WORK INSTRUCTIONS |
Leaving out pictures, output exactly the lines below from the one that has "dersler anadilde verilebilmeli'" through the one that has "Used BYD Seal", and nothing else.

DATA TO USE |

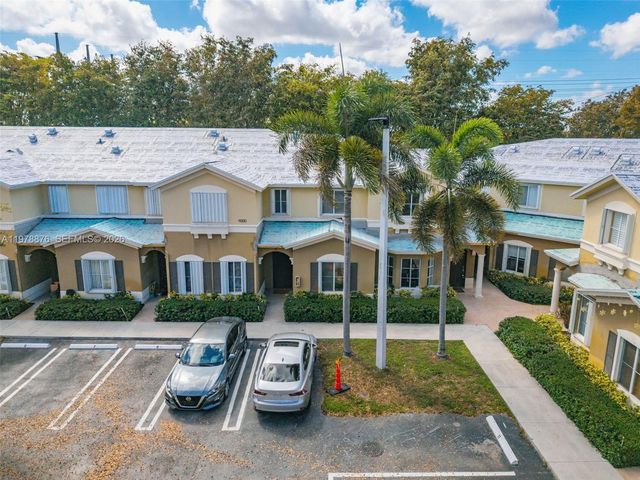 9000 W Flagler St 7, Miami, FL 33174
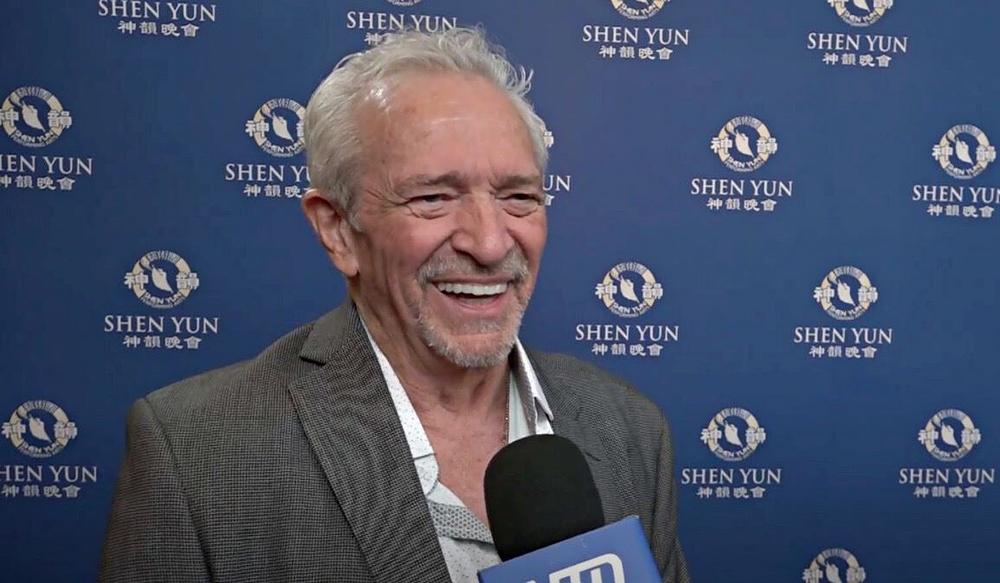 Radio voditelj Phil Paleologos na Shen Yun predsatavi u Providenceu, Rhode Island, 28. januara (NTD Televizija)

==

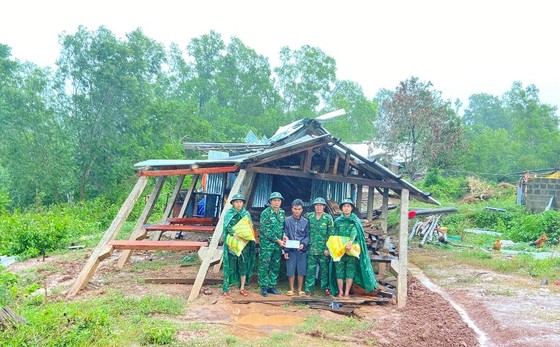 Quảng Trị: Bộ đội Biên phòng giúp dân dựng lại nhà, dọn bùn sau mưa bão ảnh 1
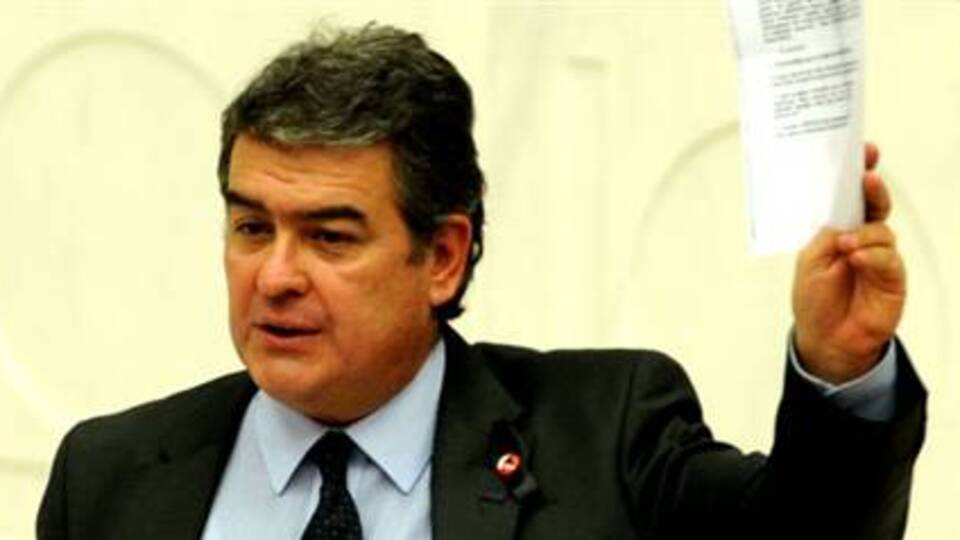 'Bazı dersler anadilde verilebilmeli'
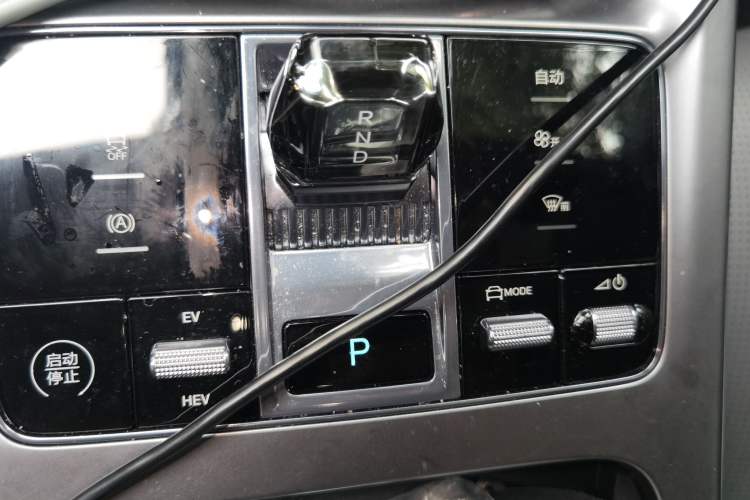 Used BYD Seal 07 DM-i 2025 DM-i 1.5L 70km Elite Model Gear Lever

EXERCISE ANSWER |
 'Bazı dersler anadilde verilebilmeli'
 Used BYD Seal 07 DM-i 2025 DM-i 1.5L 70km Elite Model Gear Lever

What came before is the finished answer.